Come nei migliori matrimoni d’interesse, chi porta in dote le risorse più importanti comanda, ed è esattamente ciò che sta avvenendo nella fusione tra FCA e PSA.
PSA si è presentata con 15 anni di lavoro di ricerca e sviluppo sulle motorizzazioni elettriche alle spalle e ben quattro vetture nella top ten delle auto elettriche più vendute al mondo, e per questo ha dettato le sue regole a FCA.
Il gruppo francese ha chiesto e ottenuto di mettere un suo uomo al comando della nuova società e la maggioranza al consiglio di amministrazione (6 componenti a 5) mentre all’azienda italiana andrà la presidenza, che in termini decisionali vale più o meno quanto il due a briscola.
L’enorme ritardo sulle motorizzazioni elettriche da parte di FCA rispetto a quasi tutte le altre case costruttrici aveva creato un gap incolmabile nel mercato dell’auto "ecosostenibile", ed è questo ritardo che ha spinto l’azienda italo-americana a cercare forsennatamente un partner che potesse venirle in soccorso.
FCA ci aveva provato con altri gruppi, l’ultimo in ordine di tempo Renault, senza successo.
Dopo tanto girovagare, finalmente sembra essere riuscita a trovare un alleato, ma a che prezzo? E soprattutto chi ne pagherà le conseguenze?
In una lettera congiunta PSA ed FCA ribadiscono la volontà di tenere aperti tutti i siti di produzione, che non significa assolutamente piena occupazione, nella stessa lettera, all’ultimo punto, scrivono che non possono garantire gli impegni presi nei punti precedenti, come dire ” qui lo dico e qui lo nego”, se queste sono le premesse iniziamo malissimo.
Quando due grandi aziende si fondono, la prima cosa che si fa per “ottimizzare” le risorse è tagliare i doppioni, ed è esattamente ciò che PSA e FCA faranno; quando si parla di case automobilistiche i doppioni sono interi stabilimenti.
Considerando che FCA in questi anni ha portato gli stabilimenti italiani in uno stato di crisi strutturale mentre quelli PSA sono produttivi, è chiaro che i primi a pagare il prezzo di questa “ottimizzazione” di risorse saranno i lavoratori italiani.

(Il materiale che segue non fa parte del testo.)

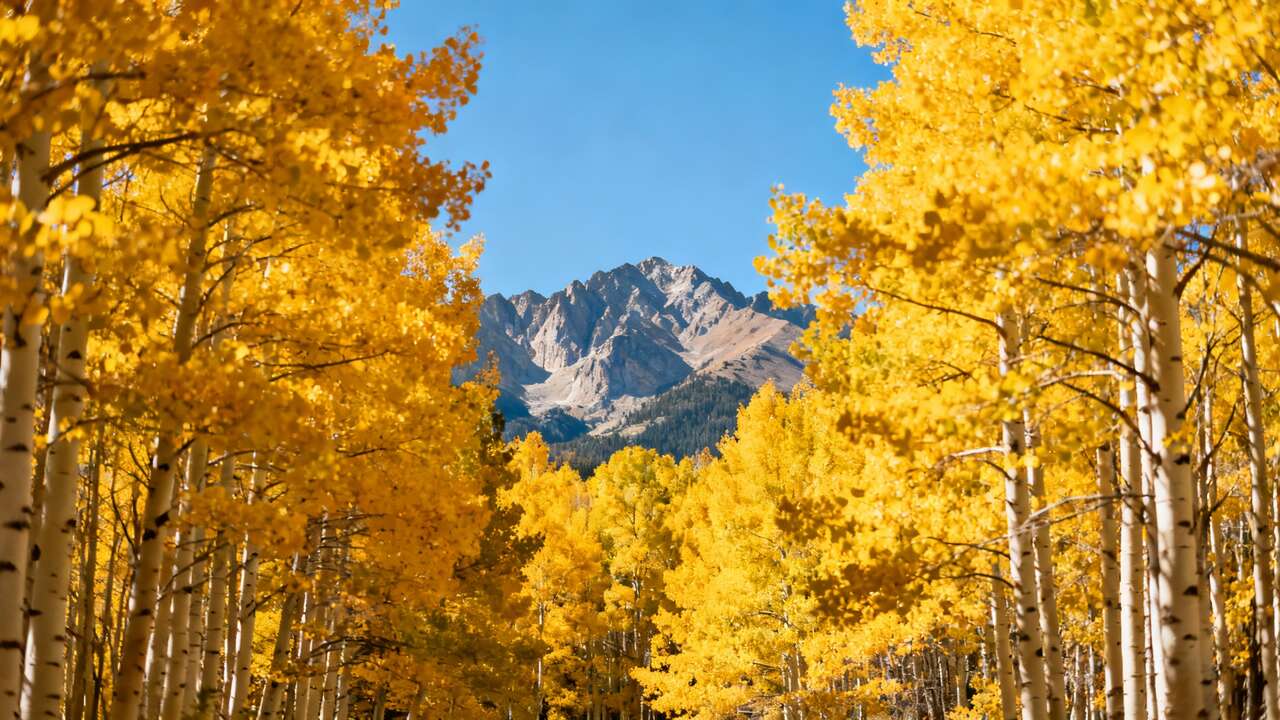 Colorado's Golden Aspen Season: must-See Autumn Spectacle This Year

USB denuncia il comportamento di FCA, che prima di allearsi ha pensato bene di approvare con gli azionisti un dividendo di circa 5 miliardi, di cui 1,7 alla famiglia Agnelli, pensando “bene” di spartirsi il malloppo prima di doverlo dividere con i nuovi alleati.
USB prende atto delle differenti prese di posizione dei governi interessati, se dalla parte francese le massime istituzioni sono parte attiva e decisionale nel settore auto, e quindi in questa alleanza, da quella italiana c’è la solita incondizionata fiducia nei padroni, in questo caso FCA, e distanza dalle preoccupazioni dei lavoratori.

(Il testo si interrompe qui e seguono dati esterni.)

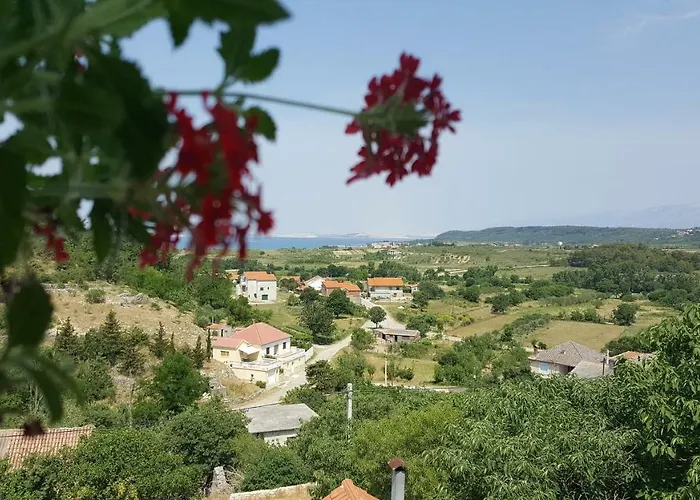 Cernesa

Governi italiani che, a differenza di quelli francesi, nella lunga storia dell’auto hanno sempre e soltanto assecondato le sciagurate strategie del padrone, arrivando a finanziare interi impianti produttivi, ammortizzatori sociali per tempi infiniti e rottamazioni su rottamazioni, senza mai chiederne il conto, lasciando i lavoratori FCA in condizioni di sfruttamento lavorativo ed economico inaccettabili, governi che nemmeno di fronte ai morti in fabbrica e ai suicidi per disperazione si sono messi dalla parte degli sfruttati.